**WHAT IS EXPECTED:** Write the records below out again. Match them exactly.

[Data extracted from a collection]
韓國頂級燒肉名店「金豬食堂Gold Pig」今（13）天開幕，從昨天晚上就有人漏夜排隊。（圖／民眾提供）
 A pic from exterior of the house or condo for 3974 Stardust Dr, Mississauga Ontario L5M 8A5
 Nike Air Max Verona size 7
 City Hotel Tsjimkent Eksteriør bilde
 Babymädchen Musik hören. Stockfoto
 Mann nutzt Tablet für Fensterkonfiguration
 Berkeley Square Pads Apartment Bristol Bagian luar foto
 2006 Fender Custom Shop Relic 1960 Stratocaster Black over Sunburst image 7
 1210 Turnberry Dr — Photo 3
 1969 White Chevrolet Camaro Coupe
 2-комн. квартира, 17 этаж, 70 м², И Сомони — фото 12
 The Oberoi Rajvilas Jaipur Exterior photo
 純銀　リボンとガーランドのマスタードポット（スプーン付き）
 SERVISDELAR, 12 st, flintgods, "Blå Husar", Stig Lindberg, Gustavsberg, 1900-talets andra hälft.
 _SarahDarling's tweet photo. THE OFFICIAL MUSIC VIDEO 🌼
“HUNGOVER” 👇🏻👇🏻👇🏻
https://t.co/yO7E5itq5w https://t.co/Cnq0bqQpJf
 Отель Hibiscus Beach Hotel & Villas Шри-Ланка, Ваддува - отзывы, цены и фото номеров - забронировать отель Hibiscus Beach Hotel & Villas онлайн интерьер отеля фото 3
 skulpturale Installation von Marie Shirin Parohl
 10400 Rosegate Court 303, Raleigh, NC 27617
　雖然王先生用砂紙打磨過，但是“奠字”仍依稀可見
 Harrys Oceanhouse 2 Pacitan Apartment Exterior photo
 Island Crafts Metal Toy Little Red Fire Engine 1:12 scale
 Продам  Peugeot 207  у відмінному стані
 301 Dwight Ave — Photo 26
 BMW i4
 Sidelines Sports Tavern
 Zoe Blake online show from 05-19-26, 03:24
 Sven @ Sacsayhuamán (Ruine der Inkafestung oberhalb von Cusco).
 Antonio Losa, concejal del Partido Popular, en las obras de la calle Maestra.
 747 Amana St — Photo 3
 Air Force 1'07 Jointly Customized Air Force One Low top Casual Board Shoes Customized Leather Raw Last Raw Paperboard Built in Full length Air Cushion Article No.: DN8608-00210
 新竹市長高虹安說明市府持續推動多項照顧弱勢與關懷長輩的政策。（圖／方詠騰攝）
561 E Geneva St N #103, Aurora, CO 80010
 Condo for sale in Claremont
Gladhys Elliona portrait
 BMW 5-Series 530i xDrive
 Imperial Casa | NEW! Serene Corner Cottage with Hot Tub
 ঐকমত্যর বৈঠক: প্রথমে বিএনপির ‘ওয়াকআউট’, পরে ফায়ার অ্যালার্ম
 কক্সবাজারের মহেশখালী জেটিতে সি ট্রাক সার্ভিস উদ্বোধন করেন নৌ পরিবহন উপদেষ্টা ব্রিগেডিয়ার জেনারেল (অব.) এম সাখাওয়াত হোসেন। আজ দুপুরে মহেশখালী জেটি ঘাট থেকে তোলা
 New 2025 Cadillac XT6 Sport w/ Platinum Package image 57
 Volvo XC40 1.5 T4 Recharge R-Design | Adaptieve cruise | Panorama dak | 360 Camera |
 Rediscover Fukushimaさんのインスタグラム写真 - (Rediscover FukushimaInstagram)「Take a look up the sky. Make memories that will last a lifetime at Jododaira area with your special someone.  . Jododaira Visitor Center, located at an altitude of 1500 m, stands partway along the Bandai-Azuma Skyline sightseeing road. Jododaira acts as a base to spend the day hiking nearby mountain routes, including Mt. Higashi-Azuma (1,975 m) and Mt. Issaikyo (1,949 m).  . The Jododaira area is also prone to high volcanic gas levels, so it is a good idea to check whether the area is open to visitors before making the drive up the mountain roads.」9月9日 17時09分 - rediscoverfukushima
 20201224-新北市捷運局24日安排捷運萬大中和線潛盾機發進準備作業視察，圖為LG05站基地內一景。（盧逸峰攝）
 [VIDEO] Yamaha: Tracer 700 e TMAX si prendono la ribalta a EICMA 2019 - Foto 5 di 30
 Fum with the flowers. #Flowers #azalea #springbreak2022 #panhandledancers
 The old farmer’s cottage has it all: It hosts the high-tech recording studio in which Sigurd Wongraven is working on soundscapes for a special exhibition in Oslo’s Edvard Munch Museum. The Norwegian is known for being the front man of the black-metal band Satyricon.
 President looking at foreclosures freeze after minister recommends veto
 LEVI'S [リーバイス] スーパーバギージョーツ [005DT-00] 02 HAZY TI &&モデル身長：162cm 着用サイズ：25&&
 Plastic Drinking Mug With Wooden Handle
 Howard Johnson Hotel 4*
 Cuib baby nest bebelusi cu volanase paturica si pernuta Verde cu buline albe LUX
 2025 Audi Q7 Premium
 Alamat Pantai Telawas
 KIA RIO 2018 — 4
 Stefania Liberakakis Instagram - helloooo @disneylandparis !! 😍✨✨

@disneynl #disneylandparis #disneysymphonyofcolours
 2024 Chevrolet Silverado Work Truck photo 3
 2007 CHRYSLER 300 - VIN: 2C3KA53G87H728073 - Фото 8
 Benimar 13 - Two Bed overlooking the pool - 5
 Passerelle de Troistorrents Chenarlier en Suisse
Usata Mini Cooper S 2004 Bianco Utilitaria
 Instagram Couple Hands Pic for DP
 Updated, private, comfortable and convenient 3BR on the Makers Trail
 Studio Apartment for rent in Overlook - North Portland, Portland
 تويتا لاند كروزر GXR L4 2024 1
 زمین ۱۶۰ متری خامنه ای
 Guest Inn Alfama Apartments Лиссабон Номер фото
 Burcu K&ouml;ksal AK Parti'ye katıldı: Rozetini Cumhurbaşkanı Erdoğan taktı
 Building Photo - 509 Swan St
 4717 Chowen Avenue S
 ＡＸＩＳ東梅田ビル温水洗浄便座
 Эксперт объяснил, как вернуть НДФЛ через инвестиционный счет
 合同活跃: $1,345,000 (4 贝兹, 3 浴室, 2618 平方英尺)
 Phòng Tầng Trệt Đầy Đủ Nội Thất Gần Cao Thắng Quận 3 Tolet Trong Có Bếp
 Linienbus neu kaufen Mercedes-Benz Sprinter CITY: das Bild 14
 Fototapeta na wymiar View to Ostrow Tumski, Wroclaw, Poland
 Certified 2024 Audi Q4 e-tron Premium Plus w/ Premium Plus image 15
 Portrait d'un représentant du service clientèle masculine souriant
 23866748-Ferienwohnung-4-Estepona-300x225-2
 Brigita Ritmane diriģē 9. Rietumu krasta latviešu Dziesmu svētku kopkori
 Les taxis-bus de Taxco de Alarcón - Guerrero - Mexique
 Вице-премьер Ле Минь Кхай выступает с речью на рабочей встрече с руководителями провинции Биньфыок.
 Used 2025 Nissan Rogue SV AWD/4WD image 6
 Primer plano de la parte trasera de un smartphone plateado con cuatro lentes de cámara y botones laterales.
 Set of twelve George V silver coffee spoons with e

**WRITTEN RESPONSE:**
韓國頂級燒肉名店「金豬食堂Gold Pig」今（13）天開幕，從昨天晚上就有人漏夜排隊。（圖／民眾提供）
 A pic from exterior of the house or condo for 3974 Stardust Dr, Mississauga Ontario L5M 8A5
 Nike Air Max Verona size 7
 City Hotel Tsjimkent Eksteriør bilde
 Babymädchen Musik hören. Stockfoto
 Mann nutzt Tablet für Fensterkonfiguration
 Berkeley Square Pads Apartment Bristol Bagian luar foto
 2006 Fender Custom Shop Relic 1960 Stratocaster Black over Sunburst image 7
 1210 Turnberry Dr — Photo 3
 1969 White Chevrolet Camaro Coupe
 2-комн. квартира, 17 этаж, 70 м², И Сомони — фото 12
 The Oberoi Rajvilas Jaipur Exterior photo
 純銀　リボンとガーランドのマスタードポット（スプーン付き）
 SERVISDELAR, 12 st, flintgods, "Blå Husar", Stig Lindberg, Gustavsberg, 1900-talets andra hälft.
 _SarahDarling's tweet photo. THE OFFICIAL MUSIC VIDEO 🌼
“HUNGOVER” 👇🏻👇🏻👇🏻
https://t.co/yO7E5itq5w https://t.co/Cnq0bqQpJf
 Отель Hibiscus Beach Hotel & Villas Шри-Ланка, Ваддува - отзывы, цены и фото номеров - забронировать отель Hibiscus Beach Hotel & Villas онлайн интерьер отеля фото 3
 skulpturale Installation von Marie Shirin Parohl
 10400 Rosegate Court 303, Raleigh, NC 27617
　雖然王先生用砂紙打磨過，但是“奠字”仍依稀可見
 Harrys Oceanhouse 2 Pacitan Apartment Exterior photo
 Island Crafts Metal Toy Little Red Fire Engine 1:12 scale
 Продам  Peugeot 207  у відмінному стані
 301 Dwight Ave — Photo 26
 BMW i4
 Sidelines Sports Tavern
 Zoe Blake online show from 05-19-26, 03:24
 Sven @ Sacsayhuamán (Ruine der Inkafestung oberhalb von Cusco).
 Antonio Losa, concejal del Partido Popular, en las obras de la calle Maestra.
 747 Amana St — Photo 3
 Air Force 1'07 Jointly Customized Air Force One Low top Casual Board Shoes Customized Leather Raw Last Raw Paperboard Built in Full length Air Cushion Article No.: DN8608-00210
 新竹市長高虹安說明市府持續推動多項照顧弱勢與關懷長輩的政策。（圖／方詠騰攝）
561 E Geneva St N #103, Aurora, CO 80010
 Condo for sale in Claremont
Gladhys Elliona portrait
 BMW 5-Series 530i xDrive
 Imperial Casa | NEW! Serene Corner Cottage with Hot Tub
 ঐকমত্যর বৈঠক: প্রথমে বিএনপির ‘ওয়াকআউট’, পরে ফায়ার অ্যালার্ম
 কক্সবাজারের মহেশখালী জেটিতে সি ট্রাক সার্ভিস উদ্বোধন করেন নৌ পরিবহন উপদেষ্টা ব্রিগেডিয়ার জেনারেল (অব.) এম সাখাওয়াত হোসেন। আজ দুপুরে মহেশখালী জেটি ঘাট থেকে তোলা
 New 2025 Cadillac XT6 Sport w/ Platinum Package image 57
 Volvo XC40 1.5 T4 Recharge R-Design | Adaptieve cruise | Panorama dak | 360 Camera |
 Rediscover Fukushimaさんのインスタグラム写真 - (Rediscover FukushimaInstagram)「Take a look up the sky. Make memories that will last a lifetime at Jododaira area with your special someone.  . Jododaira Visitor Center, located at an altitude of 1500 m, stands partway along the Bandai-Azuma Skyline sightseeing road. Jododaira acts as a base to spend the day hiking nearby mountain routes, including Mt. Higashi-Azuma (1,975 m) and Mt. Issaikyo (1,949 m).  . The Jododaira area is also prone to high volcanic gas levels, so it is a good idea to check whether the area is open to visitors before making the drive up the mountain roads.」9月9日 17時09分 - rediscoverfukushima
 20201224-新北市捷運局24日安排捷運萬大中和線潛盾機發進準備作業視察，圖為LG05站基地內一景。（盧逸峰攝）
 [VIDEO] Yamaha: Tracer 700 e TMAX si prendono la ribalta a EICMA 2019 - Foto 5 di 30
 Fum with the flowers. #Flowers #azalea #springbreak2022 #panhandledancers
 The old farmer’s cottage has it all: It hosts the high-tech recording studio in which Sigurd Wongraven is working on soundscapes for a special exhibition in Oslo’s Edvard Munch Museum. The Norwegian is known for being the front man of the black-metal band Satyricon.
 President looking at foreclosures freeze after minister recommends veto
 LEVI'S [リーバイス] スーパーバギージョーツ [005DT-00] 02 HAZY TI &&モデル身長：162cm 着用サイズ：25&&
 Plastic Drinking Mug With Wooden Handle
 Howard Johnson Hotel 4*
 Cuib baby nest bebelusi cu volanase paturica si pernuta Verde cu buline albe LUX
 2025 Audi Q7 Premium
 Alamat Pantai Telawas
 KIA RIO 2018 — 4
 Stefania Liberakakis Instagram - helloooo @disneylandparis !! 😍✨✨

@disneynl #disneylandparis #disneysymphonyofcolours
 2024 Chevrolet Silverado Work Truck photo 3
 2007 CHRYSLER 300 - VIN: 2C3KA53G87H728073 - Фото 8
 Benimar 13 - Two Bed overlooking the pool - 5
 Passerelle de Troistorrents Chenarlier en Suisse
Usata Mini Cooper S 2004 Bianco Utilitaria
 Instagram Couple Hands Pic for DP
 Updated, private, comfortable and convenient 3BR on the Makers Trail
 Studio Apartment for rent in Overlook - North Portland, Portland
 تويتا لاند كروزر GXR L4 2024 1
 زمین ۱۶۰ متری خامنه ای
 Guest Inn Alfama Apartments Лиссабон Номер фото
 Burcu K&ouml;ksal AK Parti'ye katıldı: Rozetini Cumhurbaşkanı Erdoğan taktı
 Building Photo - 509 Swan St
 4717 Chowen Avenue S
 ＡＸＩＳ東梅田ビル温水洗浄便座
 Эксперт объяснил, как вернуть НДФЛ через инвестиционный счет
 合同活跃: $1,345,000 (4 贝兹, 3 浴室, 2618 平方英尺)
 Phòng Tầng Trệt Đầy Đủ Nội Thất Gần Cao Thắng Quận 3 Tolet Trong Có Bếp
 Linienbus neu kaufen Mercedes-Benz Sprinter CITY: das Bild 14
 Fototapeta na wymiar View to Ostrow Tumski, Wroclaw, Poland
 Certified 2024 Audi Q4 e-tron Premium Plus w/ Premium Plus image 15
 Portrait d'un représentant du service clientèle masculine souriant
 23866748-Ferienwohnung-4-Estepona-300x225-2
 Brigita Ritmane diriģē 9. Rietumu krasta latviešu Dziesmu svētku kopkori
 Les taxis-bus de Taxco de Alarcón - Guerrero - Mexique
 Вице-премьер Ле Минь Кхай выступает с речью на рабочей встрече с руководителями провинции Биньфыок.
 Used 2025 Nissan Rogue SV AWD/4WD image 6
 Primer plano de la parte trasera de un smartphone plateado con cuatro lentes de cámara y botones laterales.
 Set of twelve George V silver coffee spoons with e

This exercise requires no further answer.